REQUIREMENT:
The entries are to be written out word for word, with their images left out.
::::
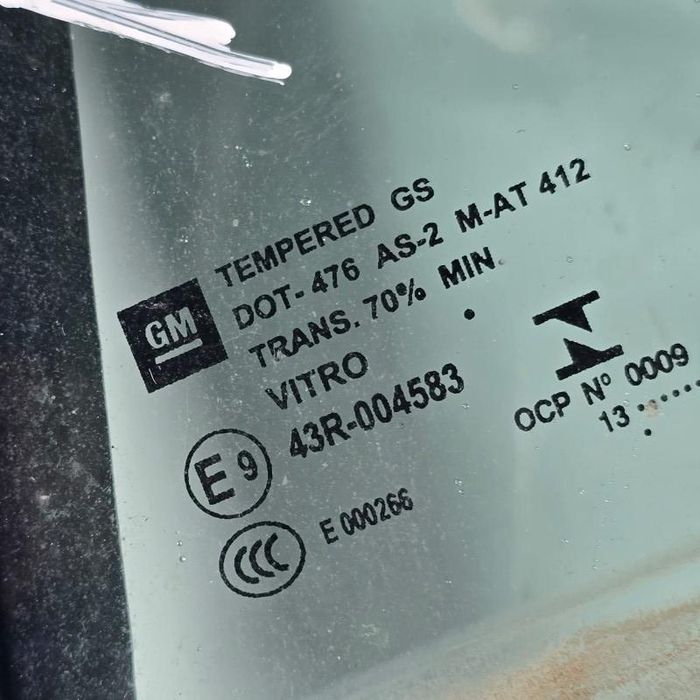 Geam mic fix cu cheder usa Opel Mokka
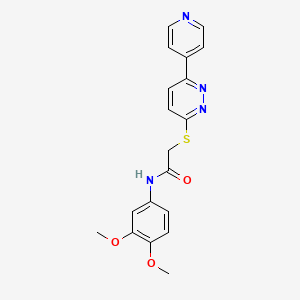 N-(3,4-dimethoxyphenyl)-2-{[6-(pyridin-4-yl)pyridazin-3-yl]sulfanyl}acetamide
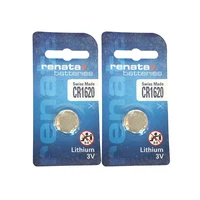 renata 2x cr1620 3v battery limno2 button coin batteries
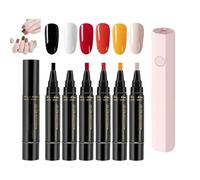 Three-in-One Nail Art Pen Set, 36-Colour 8ml Nail Pens, Three-in-One DIY Nail Art, Suitable for Beginners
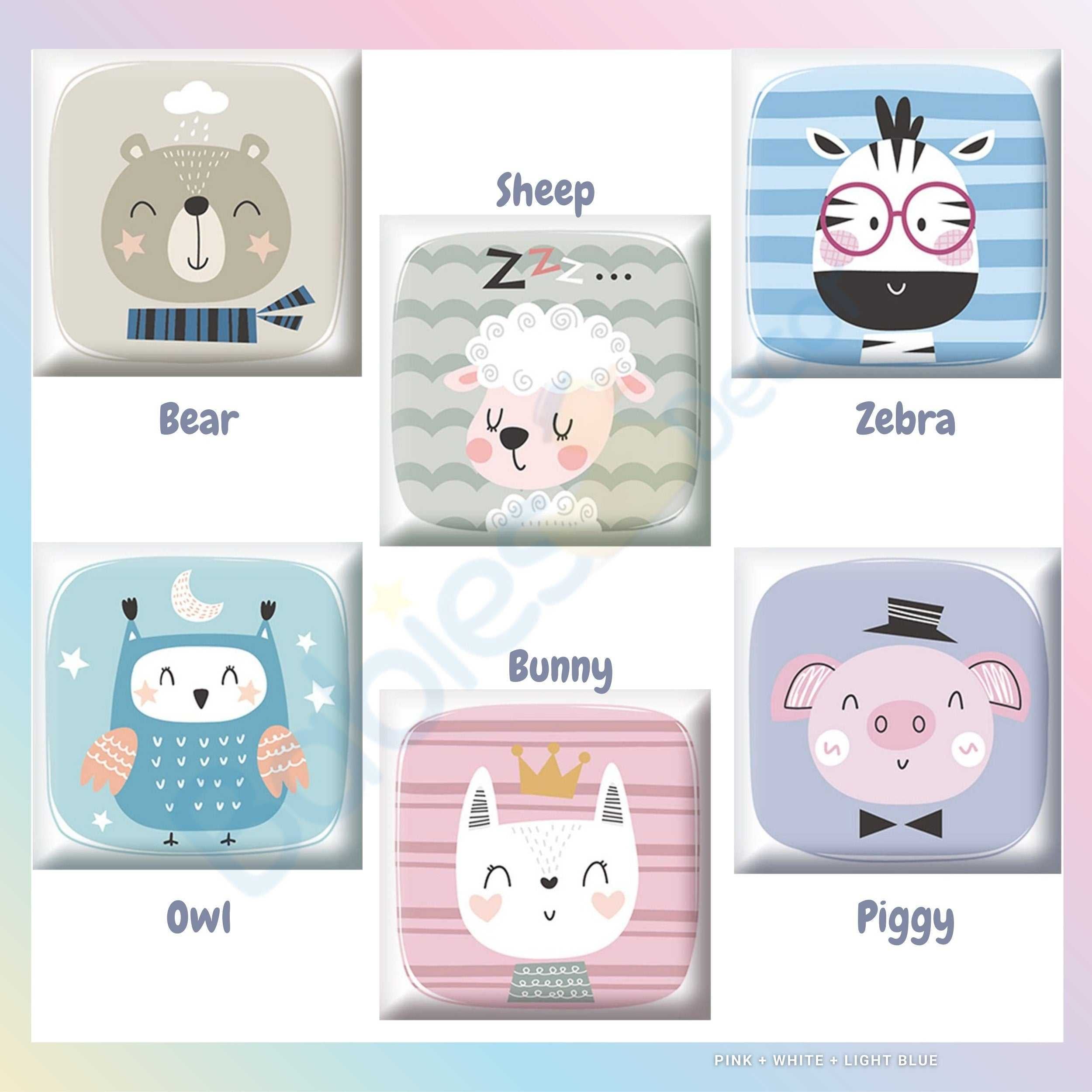 Soft Baby Farm Animal Wall Padded Safety Cushions for Kids - Nursery Decor, Playroom Protection & Toddler Safety Bumpers (Set of 4) - Perfect for Daycare, Bedroom & Play Areas
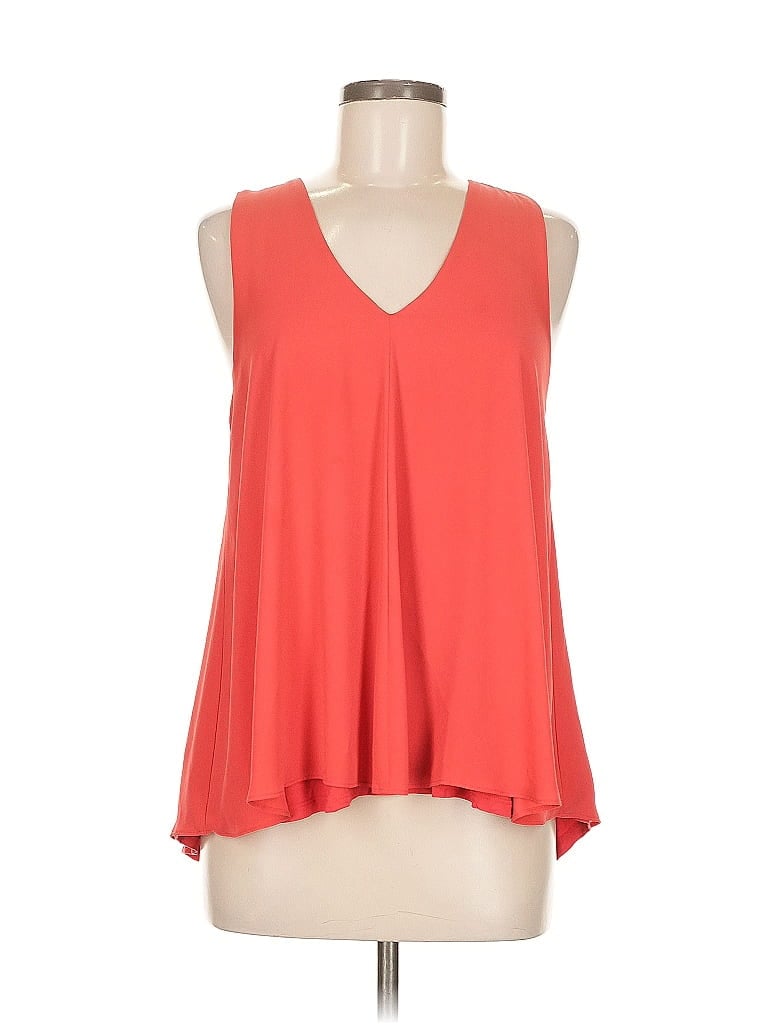 Pre-owned Ann Taylor Loft Sleeveless Blouse In Orange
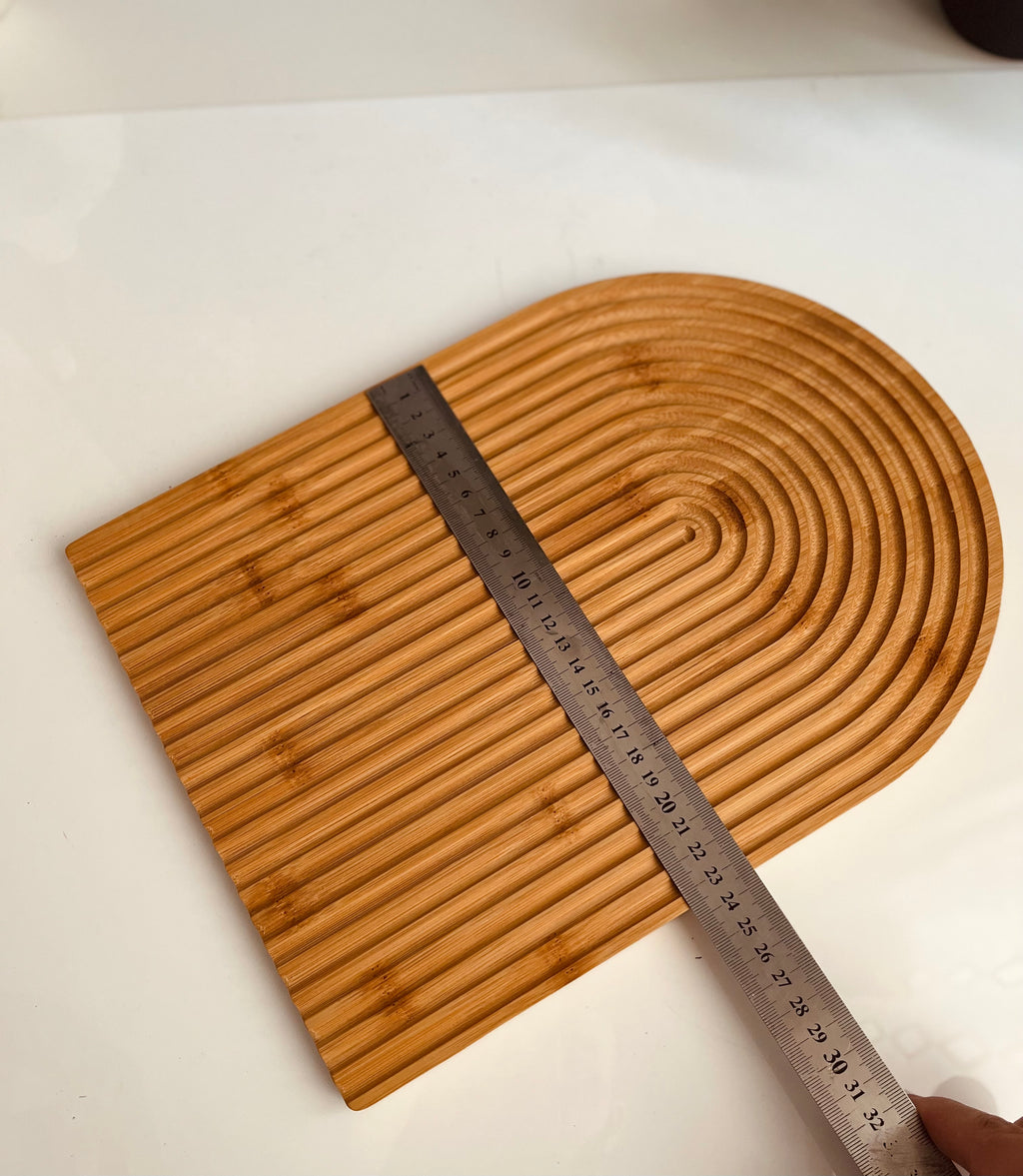 One bamboo  tray 33cm*23cm code30-25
::::
ANSWER SECTION:
 Geam mic fix cu cheder usa Opel Mokka
 N-(3,4-dimethoxyphenyl)-2-{[6-(pyridin-4-yl)pyridazin-3-yl]sulfanyl}acetamide
 renata 2x cr1620 3v battery limno2 button coin batteries
 Three-in-One Nail Art Pen Set, 36-Colour 8ml Nail Pens, Three-in-One DIY Nail Art, Suitable for Beginners
 Soft Baby Farm Animal Wall Padded Safety Cushions for Kids - Nursery Decor, Playroom Protection & Toddler Safety Bumpers (Set of 4) - Perfect for Daycare, Bedroom & Play Areas
 Pre-owned Ann Taylor Loft Sleeveless Blouse In Orange
 One bamboo  tray 33cm*23cm code30-25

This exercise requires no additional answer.